Most people choose a financial advisor the same way they choose a contractor. They get a few names, compare what each one offers and pick the one that sounds most credible or costs the least. It is a reasonable approach. It is also the wrong one.
The advisor you choose is not just managing your money. They are shaping the order in which your financial decisions get made. And that order matters more than almost any individual decision within it.
What Most Advisors Will Tell You
Walk into most financial advisory conversations and you will hear one of two things.
The first is a pitch for performance. A new product, a different allocation, a strategy that has historically delivered stronger returns. The implication is that the right investment is what stands between you and a better financial future.

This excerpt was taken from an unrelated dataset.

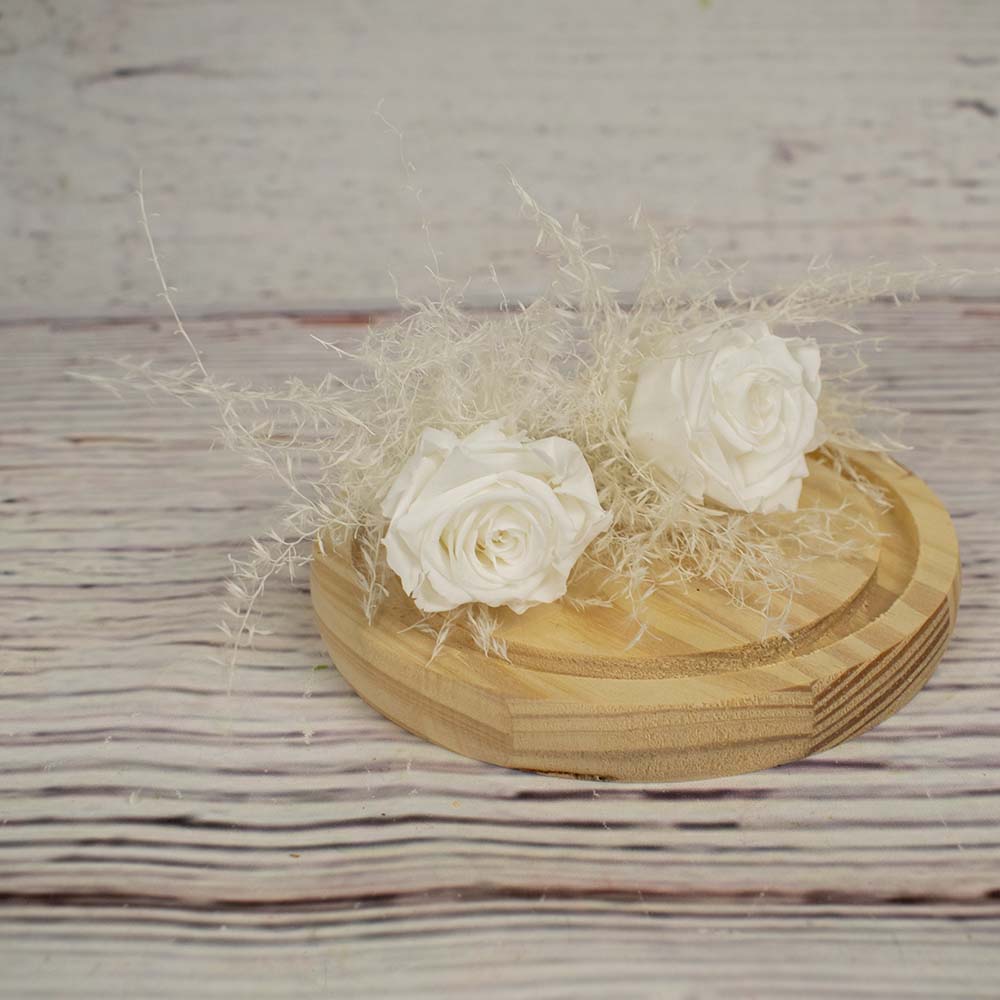 Prendido romántico rosa blanca Beatrice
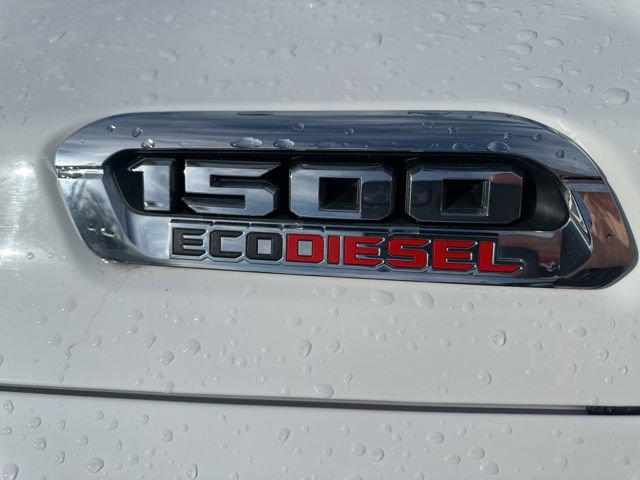 2020 Ram 1500 Laramie Crew Cab 4x4 5'7" Box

The second is a pitch for cost. Lower fees, better value, more of your money working for you. The implication is that what you are currently paying is the problem.
Both of these conversations have their place. But neither one starts in the right place.
What We Ask First
Before we talk about investments or fees, we ask a different question.
Where is your money going right now that you do not know about?
Most people are losing money quietly and consistently through decisions they made without realizing the full cost. Insurance structures that are not working as hard as they should. Loan arrangements that transfer wealth out of your economy month after month. Retirement plan contributions made before the foundation beneath them was solid. Tax exposure that was never addressed because nobody thought to look.
We call these wealth transfers. They are not dramatic. They do not show up as losses on a statement. They simply represent money that left your economy and never came back, money that can no longer build wealth, fund retirement or support the life you are working toward.
Finding them is where we start. Every time.
Why This Changes Everything
When you stop a wealth transfer, you do not just save money. You recover dollars that were never part of your original plan. Dollars you had already mentally spent or written off.
That changes how you think about what to do with them.
Because these funds were not factored into your existing lifestyle, there is no pressure to put them at unnecessary risk to make up for lost ground. They can be redirected thoughtfully, toward building a more secure foundation, toward promise-based income for retirement, toward the future you actually want rather than the one you defaulted into.
This is what prevention looks like in financial planning. Not reacting to losses after they happen. Stopping them before they do.
What to Look for in an Advisor
The right advisor does not lead with a product. They lead with awareness.
They take the time to understand your full financial picture before recommending anything. They can explain clearly why each decision is being made and where it fits in the sequence of your overall plan. They measure success not just by what your portfolio returns but by how much of your financial life is protected, structured and working in the right order.
And they start by finding what is leaving your economy before they talk about what to add to it.
That is the Cook Pierce approach. It is not the industry standard. We think it should be.